**Input material**:
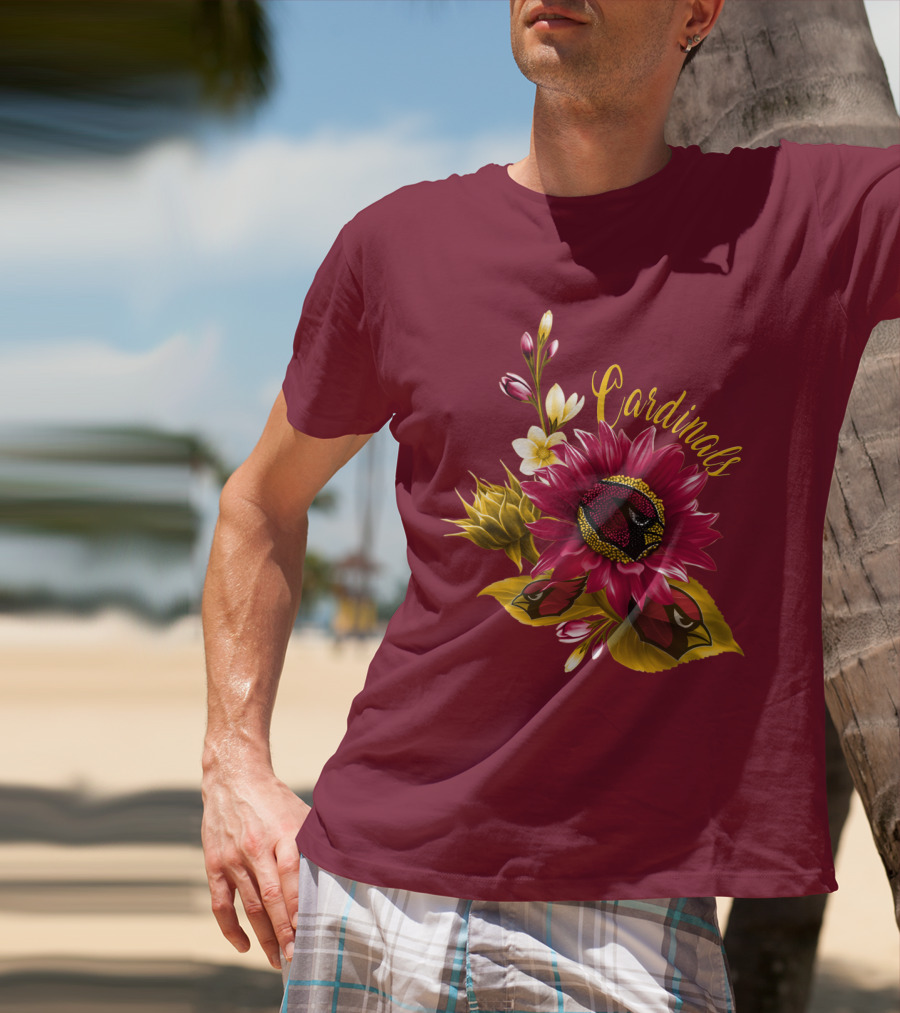 Cardinals Floral Sunflower And Bird Art On Red T-Shirt
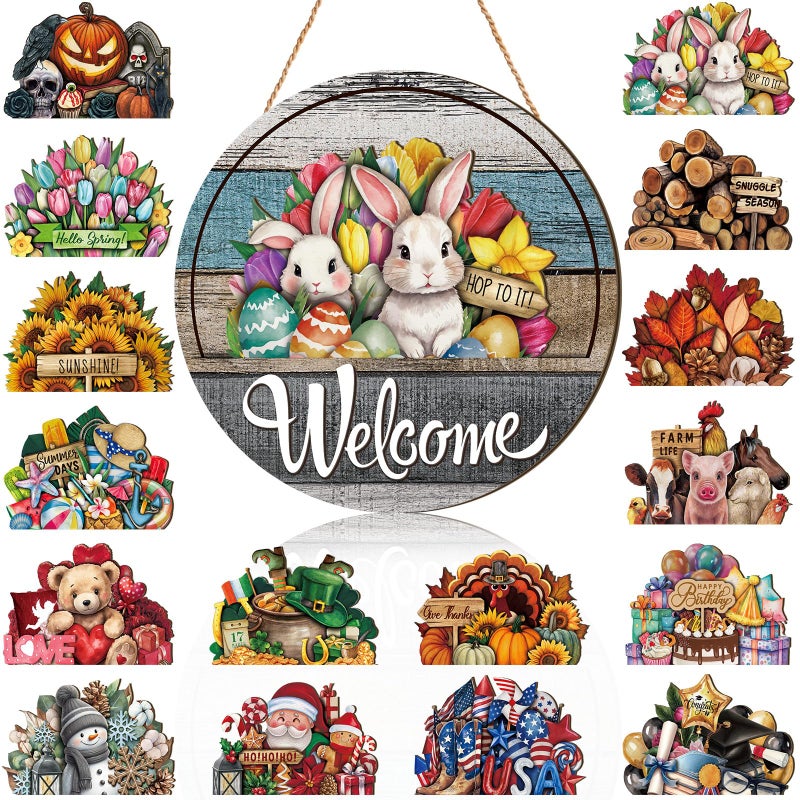 Yousoontic 17 Pcs 12 Inch Magnetic Welcome Door Sign Interchangeable Front Door Wreath Decor Rustic Seasonal Hanging Sign Easter Spring Decor for Home Warming Gift(Retro Color,Grain Welcome) - Image 1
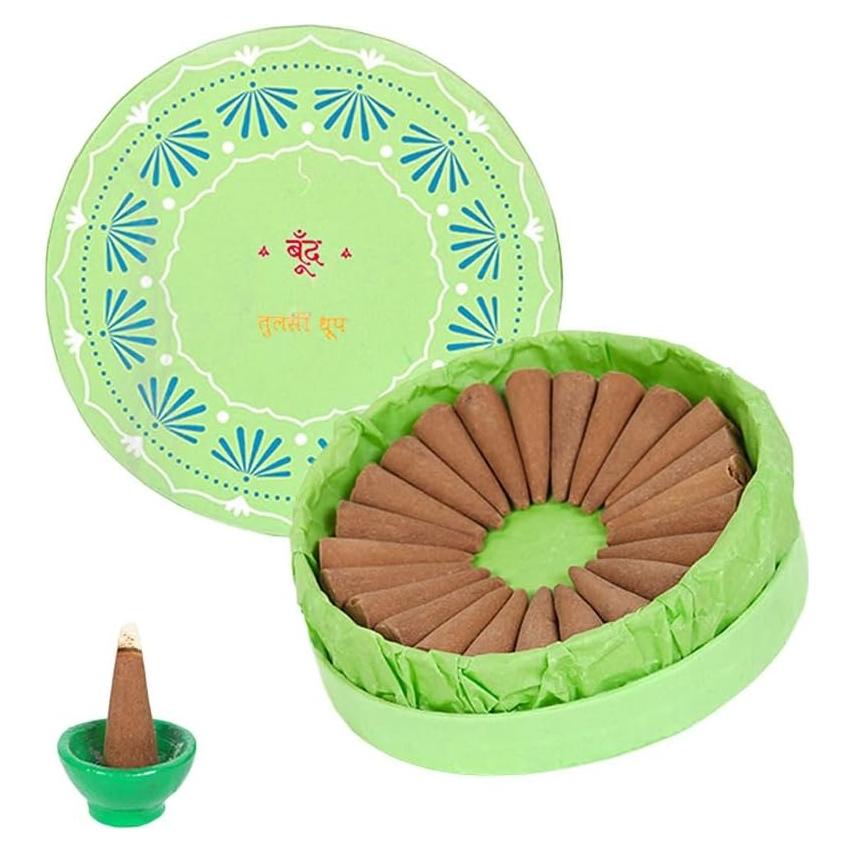 Conos de Incienso Boond Tulsi Dhoop - Albahaca Sagrada 25 Unidades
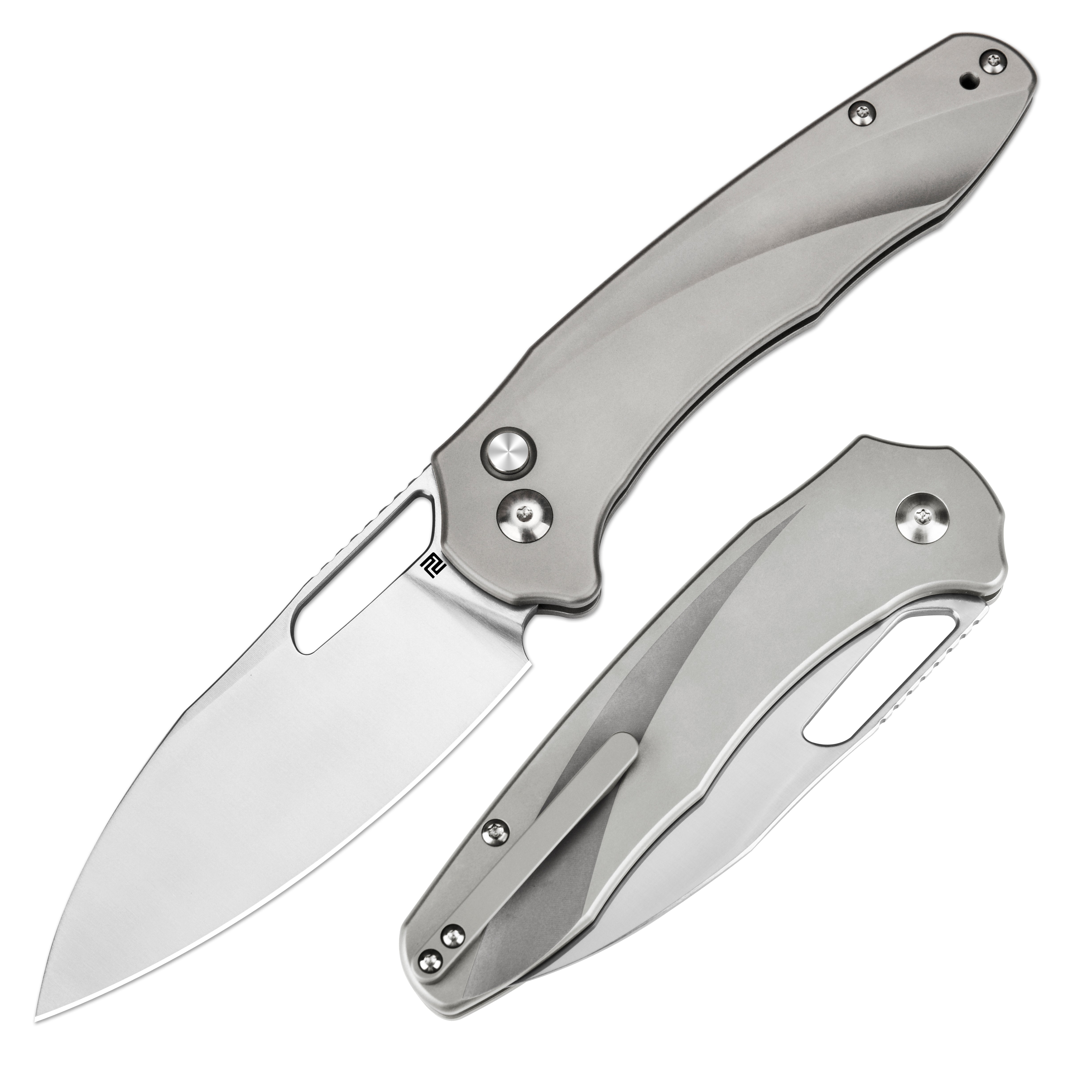 Artisan Cutlery Ornis 1865G CPM S90V Blade Titanium Handle Folding Knives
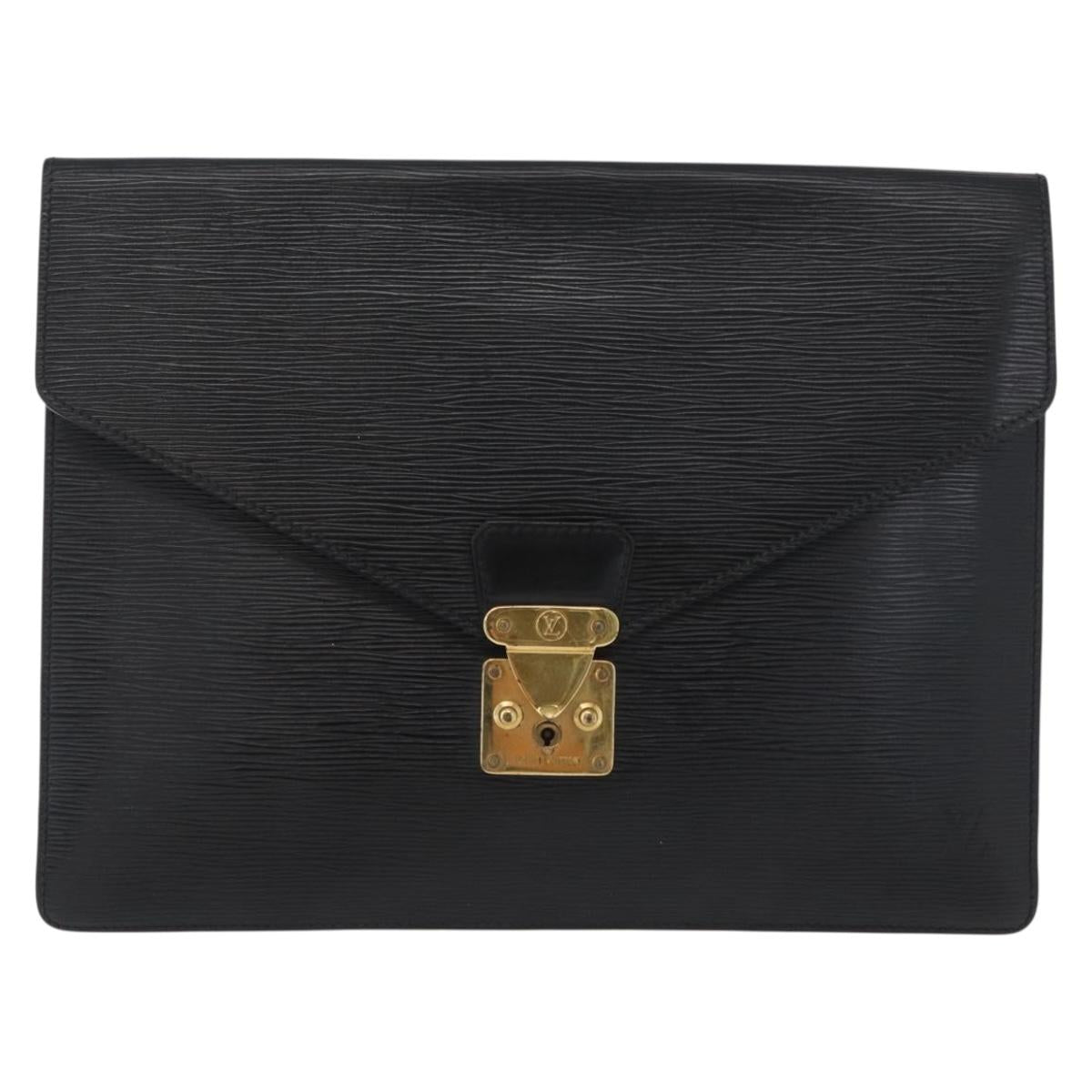 LOUIS VUITTON Epi Porte Documents・Senatur Briefcase Black M54452 Auth 172361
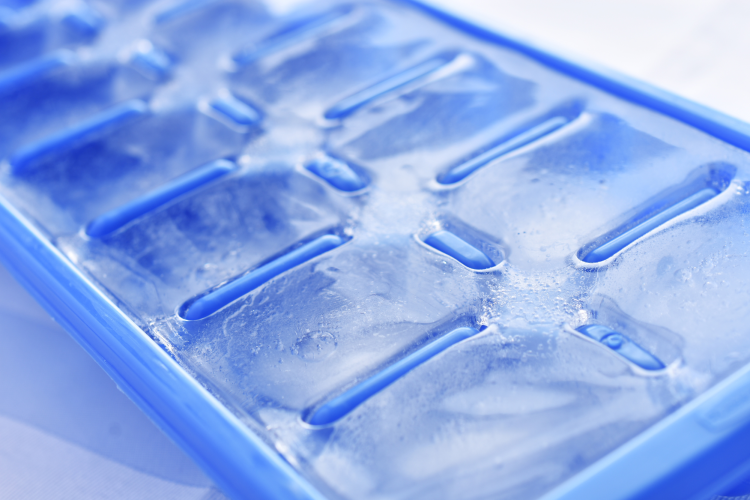 a tray of ice cubes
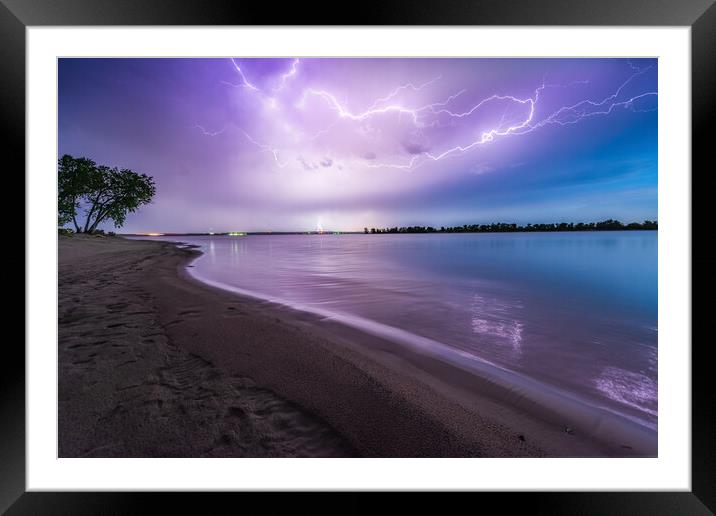 Lake McConaughy lightning, Nebraska  Framed Mounted Print by John Finney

**Problem to work on**:
Copy exactly the lines running from the beginning of the listing through the line that has "LOUIS VUITTON Epi". Drop the pictures.

**Output of the task**:
 Cardinals Floral Sunflower And Bird Art On Red T-Shirt
 Yousoontic 17 Pcs 12 Inch Magnetic Welcome Door Sign Interchangeable Front Door Wreath Decor Rustic Seasonal Hanging Sign Easter Spring Decor for Home Warming Gift(Retro Color,Grain Welcome) - Image 1
 Conos de Incienso Boond Tulsi Dhoop - Albahaca Sagrada 25 Unidades
 Artisan Cutlery Ornis 1865G CPM S90V Blade Titanium Handle Folding Knives
 LOUIS VUITTON Epi Porte Documents・Senatur Briefcase Black M54452 Auth 172361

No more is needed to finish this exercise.